- [AIM OF THE TASK]: Write out only the lines from the start of the entries up to and including the line with "Input is not"; please skip the pictures.
[[ EXERCISE DATA open ]]
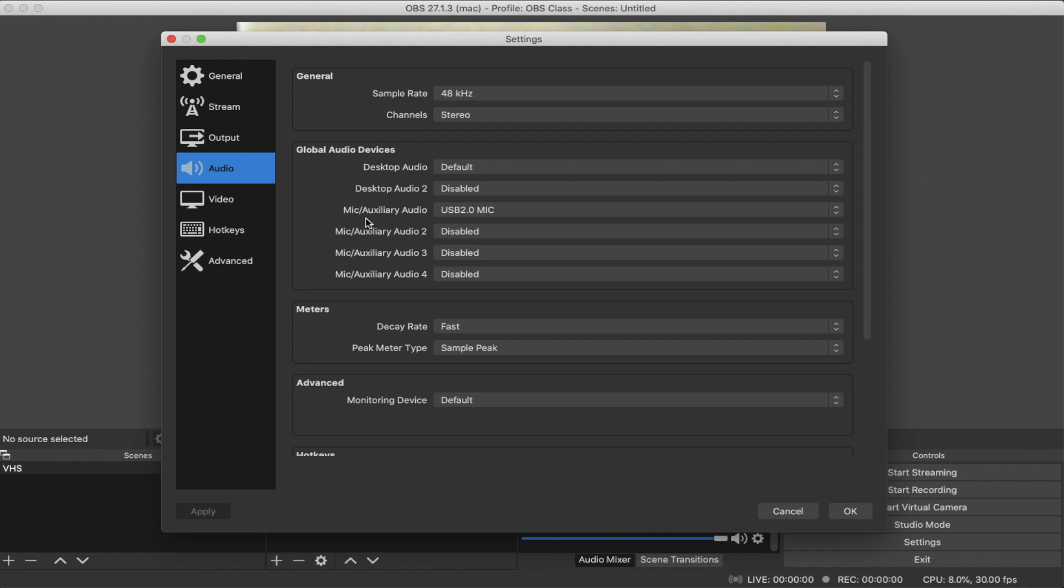In my case, the USB capture device that I'm using designates the audio source as USB 2.0 mic. Might be a little bit different for your device, but just make sure that you are selecting the audio source.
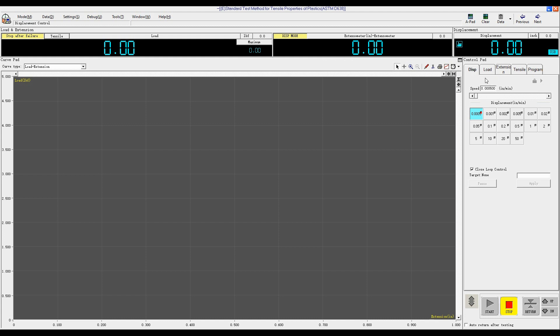And then choose the first displacement control. Select a test speed like 0.5 inch per minute, or 1 inch per minute. And then we click Start Test.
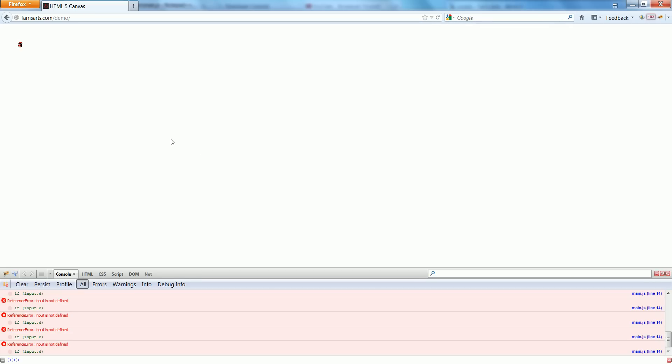Input is not defined. Fantastic. This video is becoming too long so we will debug this error and finish up officially on the next one for inputs. Thanks for watching.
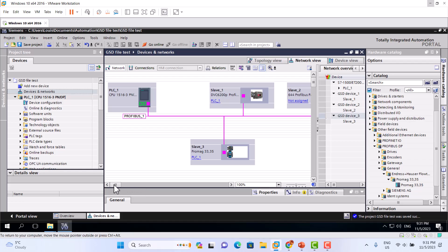It's simple. Just remember — if you want to install a new device in the ProfiBus network, you have to configure the GSD file of that device in the software. That's it. Thank you very much.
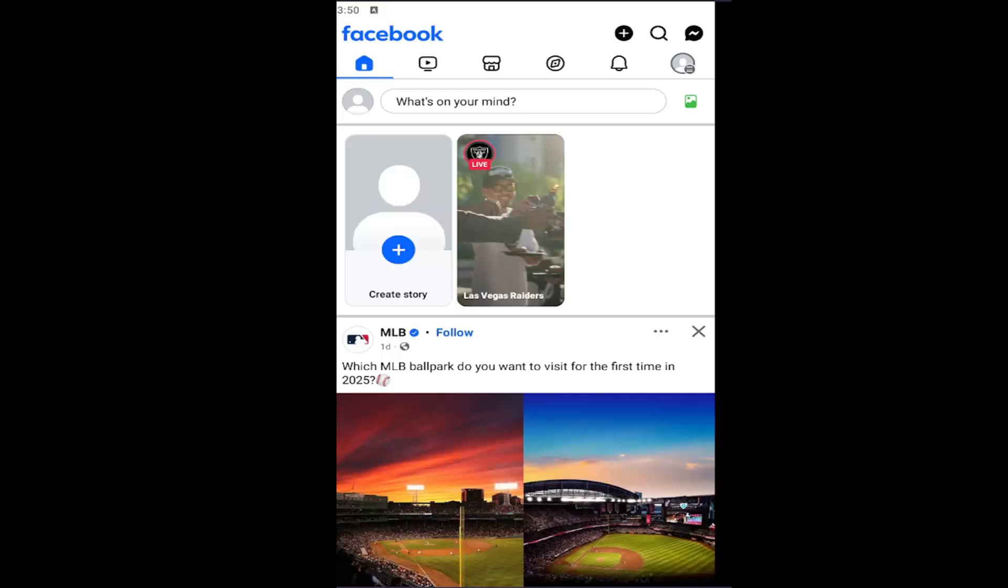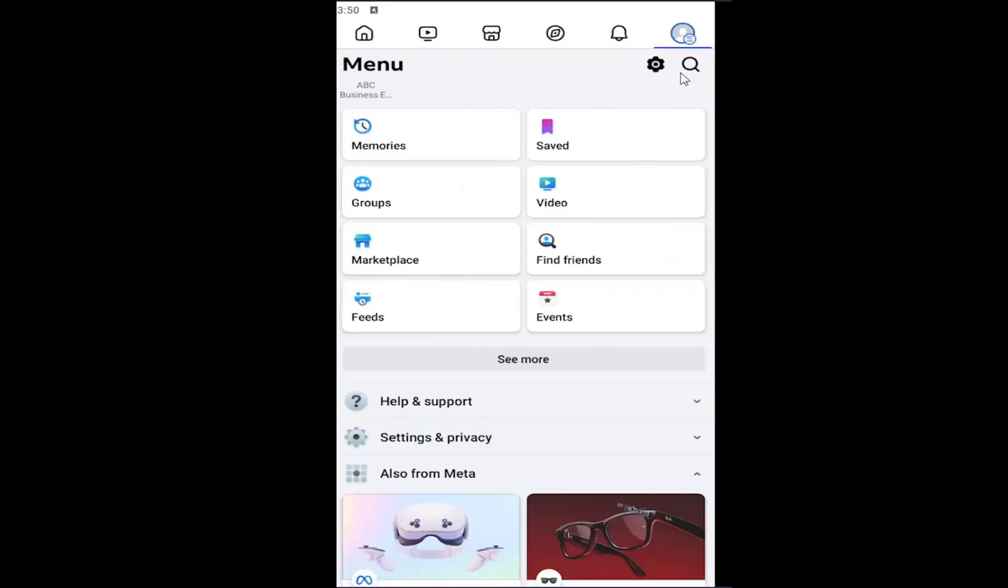Without further ado, let's go ahead and jump right into it. Open up the Facebook app and select your profile icon in the top right.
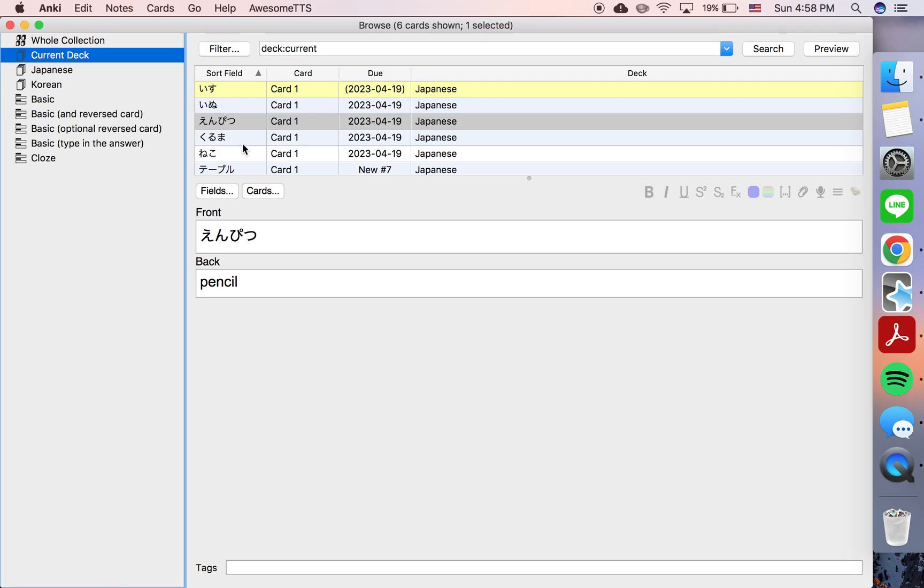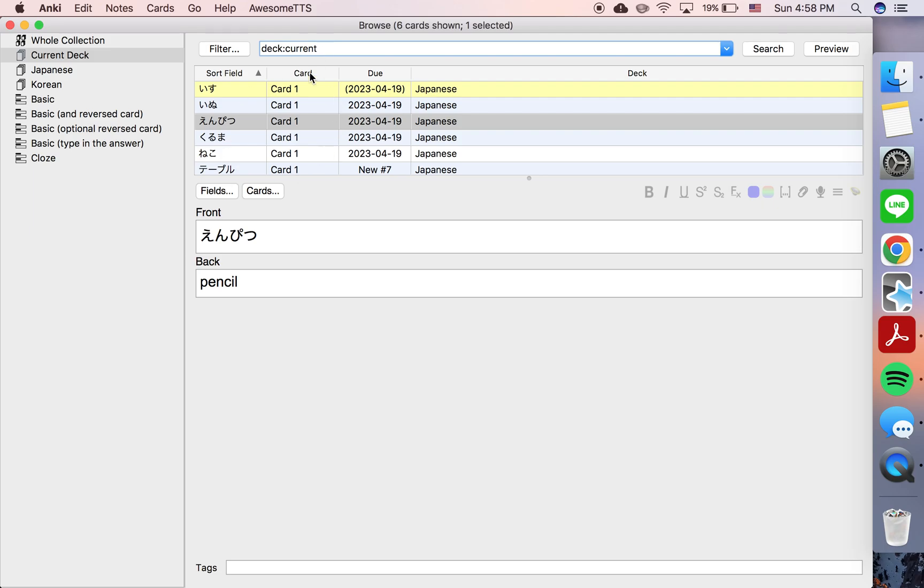But if you have a deck full of thousands of cards, and they're suspended with various dates of being due, then they'll just be distributed throughout a very long list here. So if you want to make this browser show just a list of which cards are suspended,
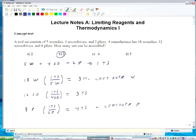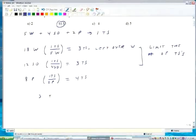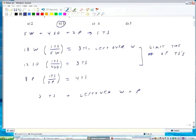No leftover pliers. So the limiting reagents are the wrenches and the screwdrivers — these things limit the number of tool sets. I can make three tool sets, plus leftover wrenches and pliers.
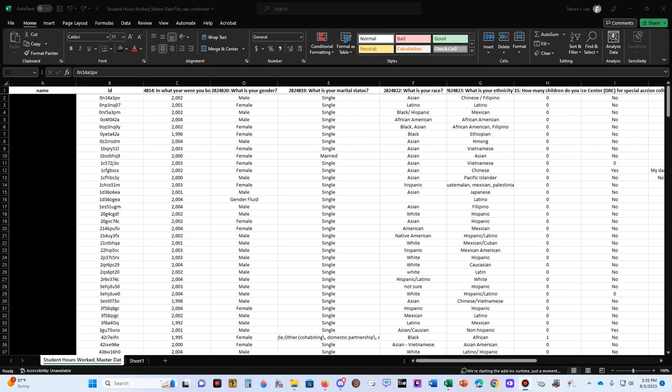Welcome back everyone to George James and Associates Research Tools channel. In this video, I'm going to show you how to create the age variable from your data.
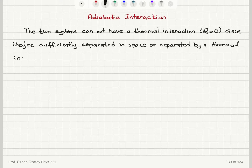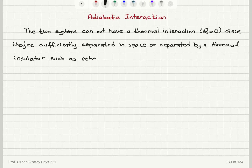This thermal insulator can be, for example, asbestos, which is extremely carcinogenic. They used to use it for thermal insulation in buildings, but now they are removing all the asbestos because it is very carcinogenic. Another example is fiberglass. These materials can act as thermal insulators.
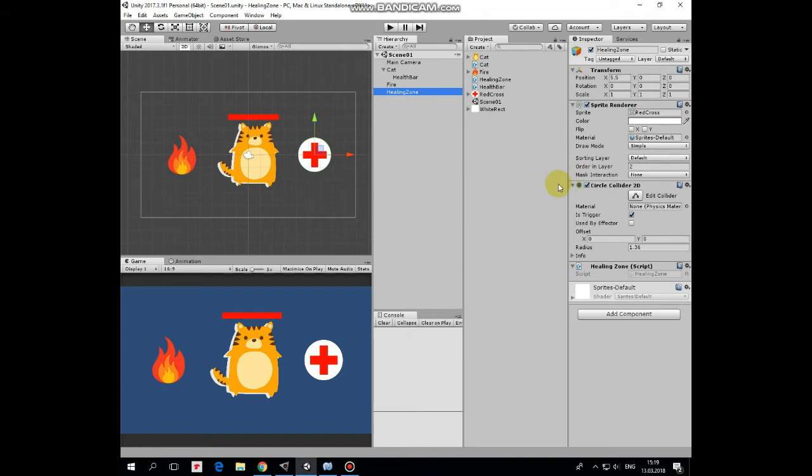This game object is just a sprite with circle collider attached which is a trigger and healing zone script component attached. Let's take a look at this script.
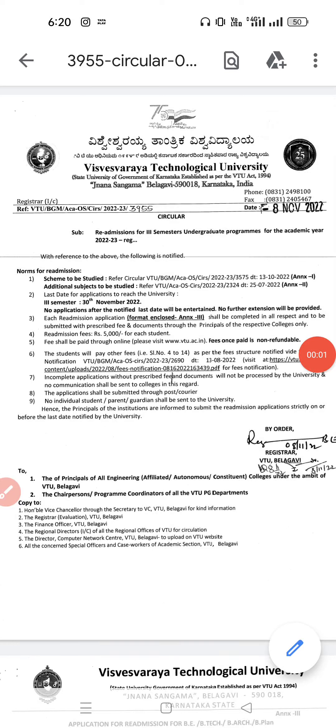Welcome back to Mahitiduniya YouTube channel. In this video, we are going to see the readmission procedure for the third semester UG program for the academic year 2022-2023. This video is applicable to the students who got backlogs in the first semester and second semester.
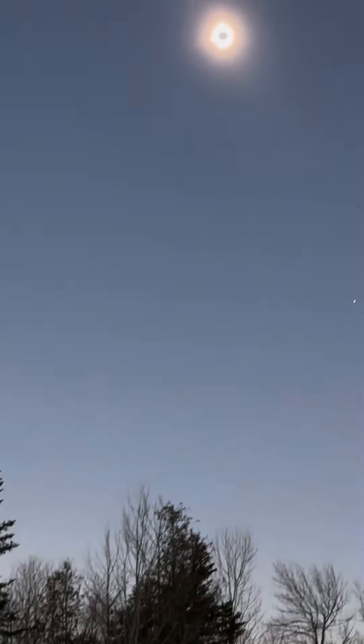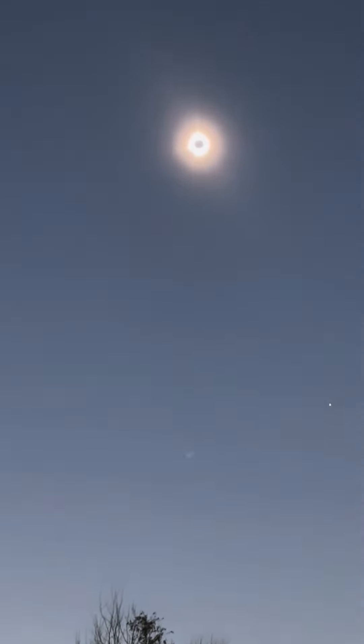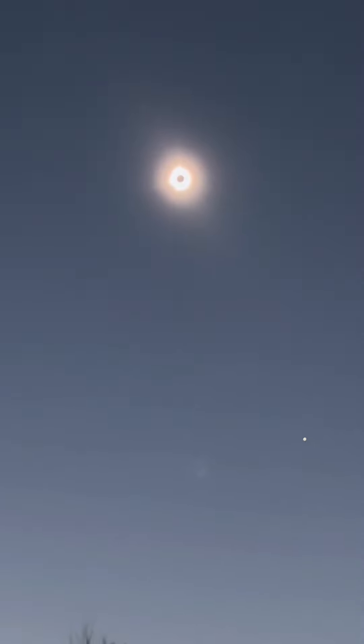Look at the friggin corona. Look at the horizon. That is spectacular. Wow. That is spectacular.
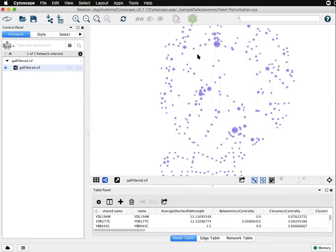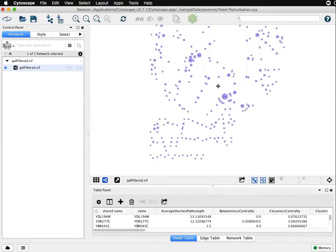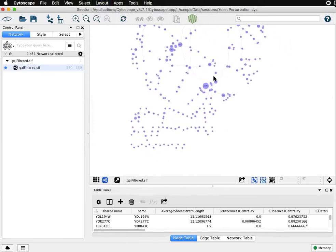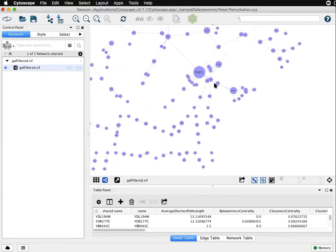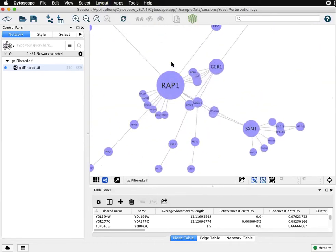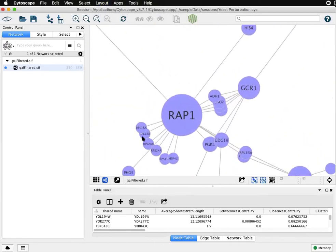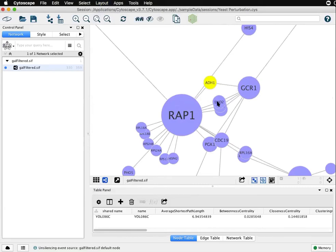Now the final thing I want to demonstrate is the node layout tools. If we zoom in to a particular area you'll see that sometimes there's overlapping in the nodes and the node layout tool is a handy way to fix that without having to manually move each node and fix it.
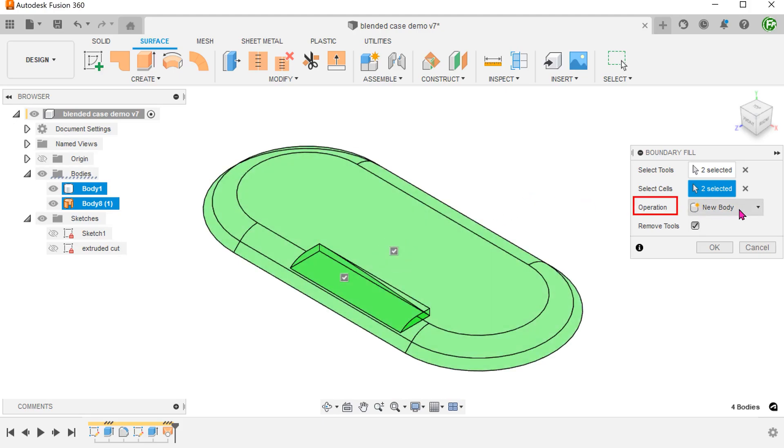For operation, set to new body. By doing this, the new void body will join with a copy of the main body to form a new merged body. Since we do not need the original main body and the surface body, check on the remove tools option.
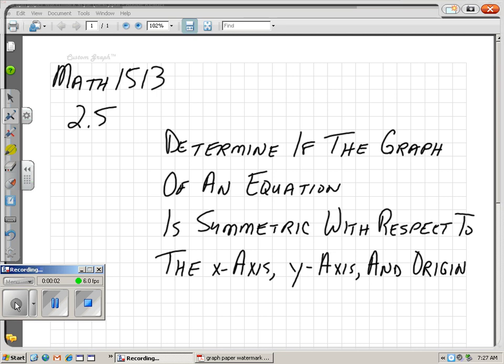All right, hi guys. We're doing College Algebra Math 1513, Northern Oklahoma College, Chapter 2, Section 5. I'm going to show you how to determine if the graph of an equation is symmetric with respect to the x-axis, the y-axis, or the origin.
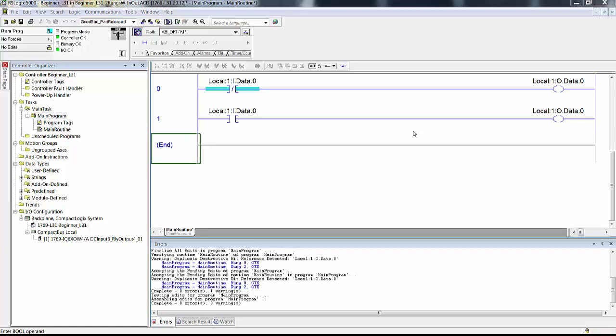Let's restate those two rungs. The complete logical statement for rung 0 says: if local 1i data 0 bit is off in memory, then turn on local 1o data 0 bit in memory, else turn it off. And rung 1 says: if local 1i data 0 bit is on in memory instead of off, then turn on local 1o data 0 bit in memory, else turn it off.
[[ EXERCISE DATA closed ]]
- [RESULT]:
In my case, the USB capture device that I'm using designates the audio source as USB 2.0 mic. Might be a little bit different for your device, but just make sure that you are selecting the audio source.
And then choose the first displacement control. Select a test speed like 0.5 inch per minute, or 1 inch per minute. And then we click Start Test.
Input is not defined. Fantastic. This video is becoming too long so we will debug this error and finish up officially on the next one for inputs. Thanks for watching.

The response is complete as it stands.